◆ Problem statement ◆
In the records that follow, the lines from the one containing "KIA CARNIVAL 7-SEATER LIMOUSINE" to the one containing "Bán nhà Trần", inclusive, are to be given again exactly.
══ Data under study
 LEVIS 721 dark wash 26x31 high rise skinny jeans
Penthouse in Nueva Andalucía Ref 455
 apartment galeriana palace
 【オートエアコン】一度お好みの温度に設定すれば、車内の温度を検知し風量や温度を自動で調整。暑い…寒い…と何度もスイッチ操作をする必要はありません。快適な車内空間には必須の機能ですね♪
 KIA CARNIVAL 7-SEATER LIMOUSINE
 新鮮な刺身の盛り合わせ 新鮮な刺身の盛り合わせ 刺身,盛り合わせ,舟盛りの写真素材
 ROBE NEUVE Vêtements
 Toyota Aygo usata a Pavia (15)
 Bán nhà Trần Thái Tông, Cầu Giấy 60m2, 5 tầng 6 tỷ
════
══ Data under study
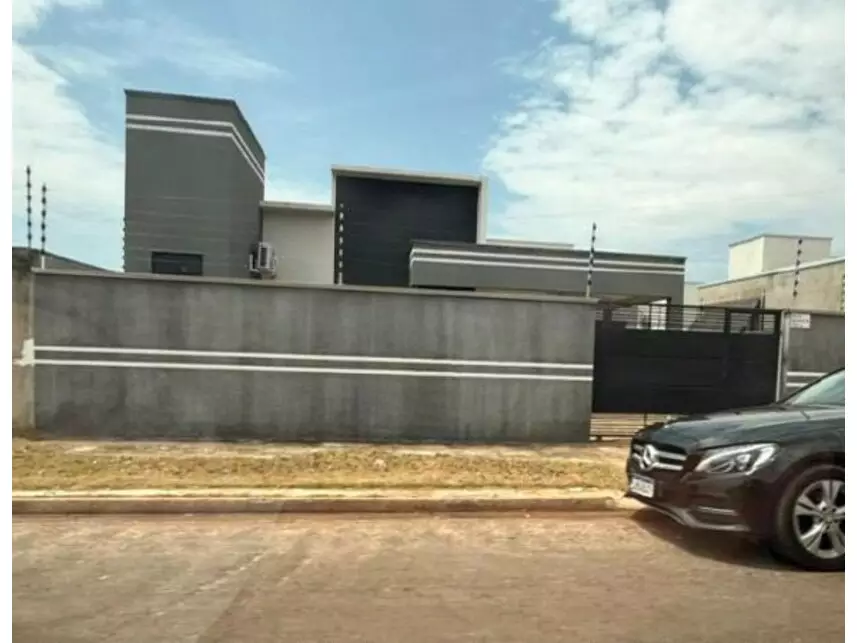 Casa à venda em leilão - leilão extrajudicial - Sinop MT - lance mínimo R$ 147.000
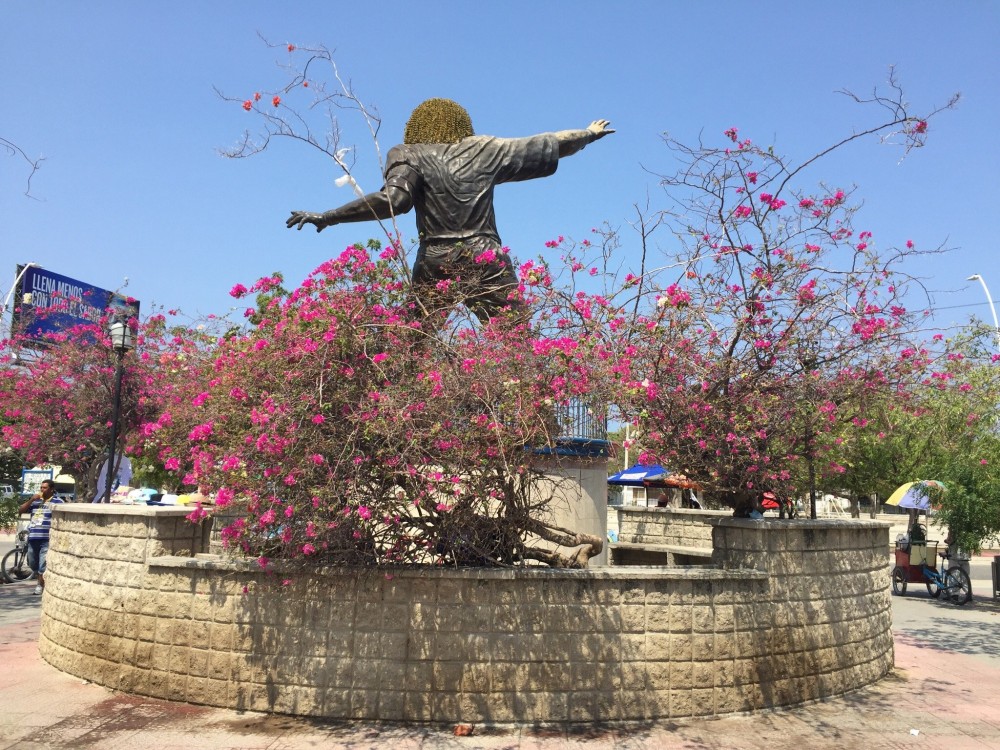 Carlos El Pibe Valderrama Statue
════
◆ Finished task ◆
 KIA CARNIVAL 7-SEATER LIMOUSINE
 新鮮な刺身の盛り合わせ 新鮮な刺身の盛り合わせ 刺身,盛り合わせ,舟盛りの写真素材
 ROBE NEUVE Vêtements
 Toyota Aygo usata a Pavia (15)
 Bán nhà Trần Thái Tông, Cầu Giấy 60m2, 5 tầng 6 tỷ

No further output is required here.